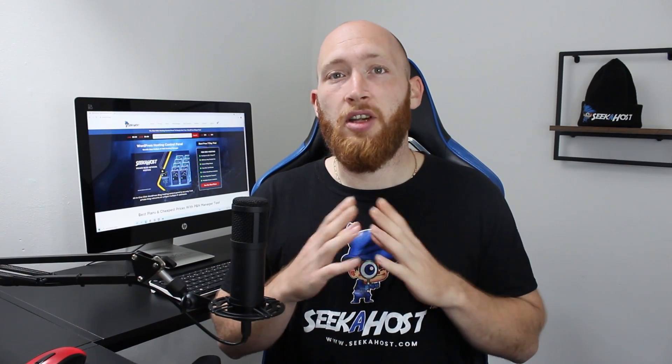Welcome back guys, J-Dog here from Seekerhost. Today's video we're going to be going through Bluehost alternatives for hosting your domain or even hosting your WordPress site. Let me give you a little bit of backstory before we get started. This actually started as a completely different video where I was going to get a domain and show everybody how you're able to connect up to Seekerhost.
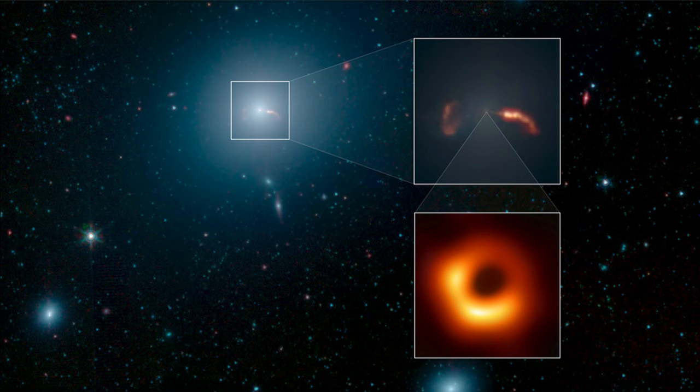So here we see the black hole at the center of M87, the jets of material from the accretion disk around it, and then in the main image, the galaxy itself.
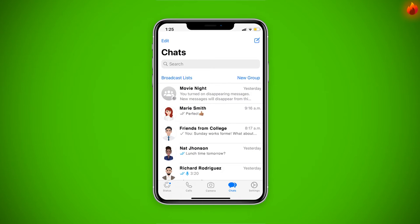Thank goodness that today, your WhatsApp messages only disappear, and they don't actually explode. Right?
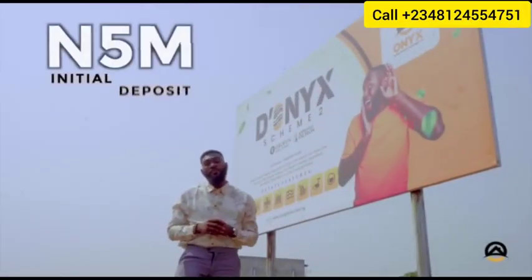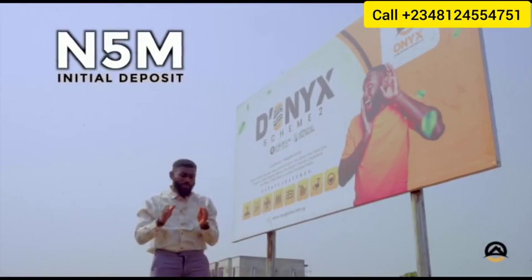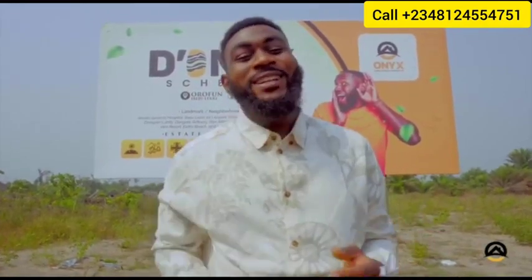With an initial deposit of five million naira, you stand a chance to secure yourself transgenerational wealth that you will be grateful for. A wise man once said: find out where people are going to, and before they get there, buy the land.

• _What the exercise asks_
Leaving the pictures aside, transcribe the entire listing exactly.

• _Response box_
Welcome back guys, J-Dog here from Seekerhost. Today's video we're going to be going through Bluehost alternatives for hosting your domain or even hosting your WordPress site. Let me give you a little bit of backstory before we get started. This actually started as a completely different video where I was going to get a domain and show everybody how you're able to connect up to Seekerhost.
So here we see the black hole at the center of M87, the jets of material from the accretion disk around it, and then in the main image, the galaxy itself.
Thank goodness that today, your WhatsApp messages only disappear, and they don't actually explode. Right?
With an initial deposit of five million naira, you stand a chance to secure yourself transgenerational wealth that you will be grateful for. A wise man once said: find out where people are going to, and before they get there, buy the land.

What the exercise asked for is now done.